**Extracted entries:**

========

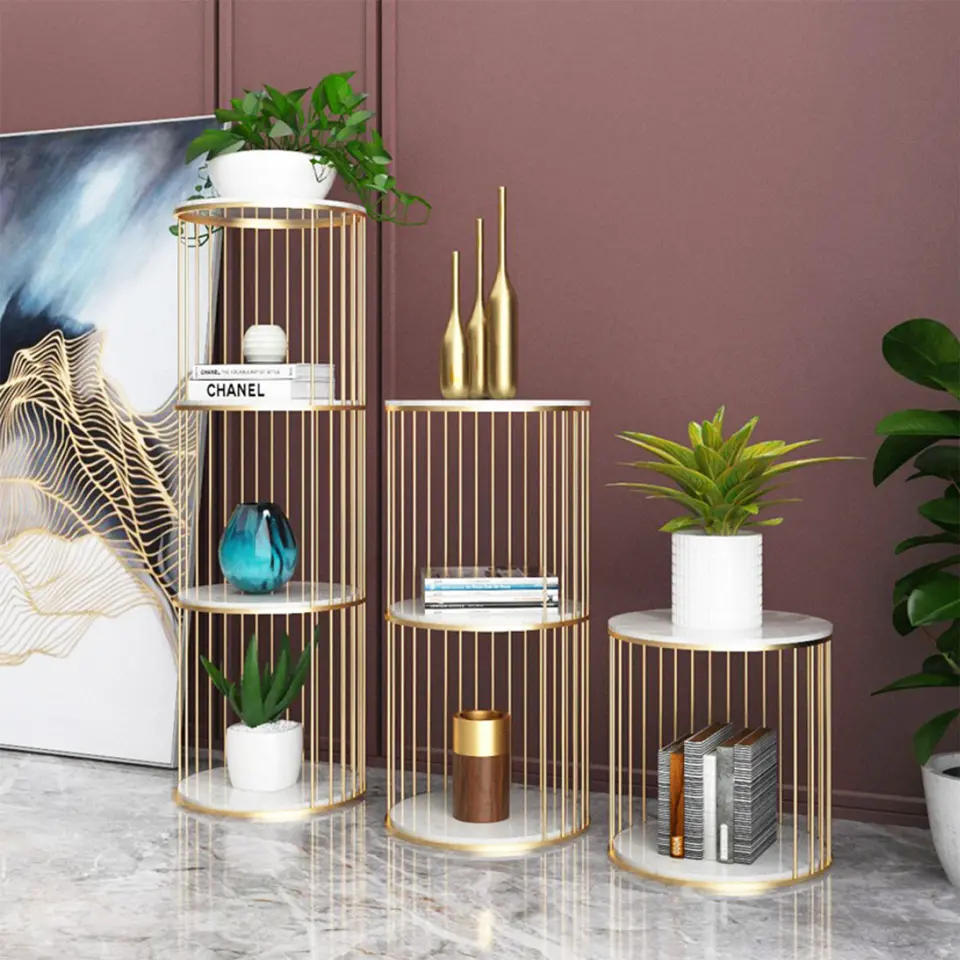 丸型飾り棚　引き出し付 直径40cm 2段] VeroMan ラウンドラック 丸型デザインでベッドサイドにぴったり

========

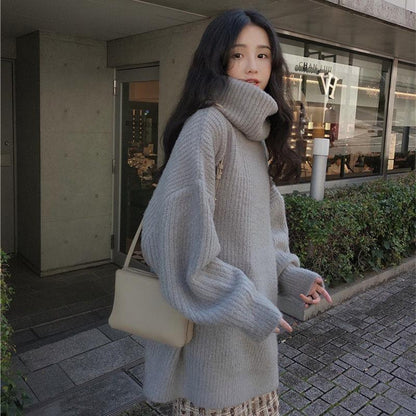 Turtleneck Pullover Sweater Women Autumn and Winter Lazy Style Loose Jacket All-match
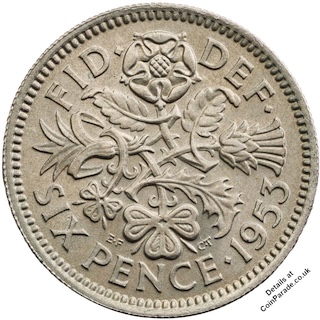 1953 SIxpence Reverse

========

**Exercise brief:** Take the material above and output only the lines from the one that contains "Turtleneck Pullover Sweater" through the one that contains "1953 SIxpence Reverse", ends included and images left out.

**Answer box:**
 Turtleneck Pullover Sweater Women Autumn and Winter Lazy Style Loose Jacket All-match
 1953 SIxpence Reverse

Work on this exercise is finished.